Wearing thin with Davis maybe, but not with the people spreading them. Green was next rumored to be joining Santana. Unlike the Rascals and James Gang rumors, this one is at least halfway believable in retrospect. In the spring of 1970, Santana began playing Green’s song “Black Magic Woman” in concert, and it would appear on the band’s forthcoming album. In April, on a visit to London, Carlos Santana sought out Green, and the two guitarists jammed in the studio one night. But nothing was going to happen beyond that. Santana’s Gregg Rolie would tell New Musical Express in January 1971, “We like Peter a lot, and in fact he’s played with us a couple of times, but it was just a rumour about him joining the band, but a nice one at that.”
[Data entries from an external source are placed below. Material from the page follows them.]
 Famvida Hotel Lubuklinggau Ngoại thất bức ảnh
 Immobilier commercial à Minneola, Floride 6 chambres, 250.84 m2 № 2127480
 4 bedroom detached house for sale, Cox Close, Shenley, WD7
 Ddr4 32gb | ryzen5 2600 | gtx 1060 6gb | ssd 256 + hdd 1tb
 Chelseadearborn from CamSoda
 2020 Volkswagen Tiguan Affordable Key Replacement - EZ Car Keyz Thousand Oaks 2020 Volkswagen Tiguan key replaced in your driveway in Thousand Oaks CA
Santana did get a new guitarist in late 1970, a 16-year-old kid named Neal Schon—but not before Schon got another offer. In mid-November, Schon was jamming with Santana at a studio in Berkeley, California, when Eric Clapton dropped by. Impressed with Schon’s playing, Clapton first casually invited Schon to sit in with the Derek and the Dominos but then formally asked Schon to become a member of the band. Not ready to leave home yet, Schon turned Clapton down.
Derek and the Dominos had been playing in the states for a little over a month by then. They had started in the Northeast before reaching Florida in early November. After that, the band headed for Nashville. There, they taped a performance at the Ryman Auditorium to be broadcast on The Johnny Cash Show in January. Cash brought on Carl Perkins to perform, and if Clapton had his way, he would have brought a guest, too. He told a journalist that he had wished Duane Alllman could have joined them for the show. While in Nashville, Clapton went guitar shopping. He bought several, and would put parts of three together to make the one he named Blackie. It became his favorite guitar, and would be sold at auction over 30 years later for a million dollars. After Clapton briefly returned to England because his grandfather was seriously ill, the band played a string of shows in California, during which he offered Schon a place in the band.
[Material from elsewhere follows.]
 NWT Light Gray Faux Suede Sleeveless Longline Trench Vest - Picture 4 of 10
In late November, after the California dates, the tour headed for the Midwest. For a show at the Auditorium Theater in Chicago, the opening act was a little-known English singer/songwriter named Elton John. The next night, B. B. King joined the band onstage in Cincinnati. In early December, Duane Allman finally caught up with them and sat in during shows in Tampa and Syracuse (with Elton John again on the bill, along with Toe Fat). After shows in Detroit and Port Chester, New York, the tour ended at a community college on Long Island. It was the last time Derek and the Dominos ever played in concert, and marked the end of Clapton’s last full-blown tour for nearly four years, owing in part to the drugs that had taken a powerful hold on the band during their two months in America.
All of this happened to Derek and the Dominos before their lone album, Layla and Other Assorted Love Songs, was released. It came out five days after the tour ended.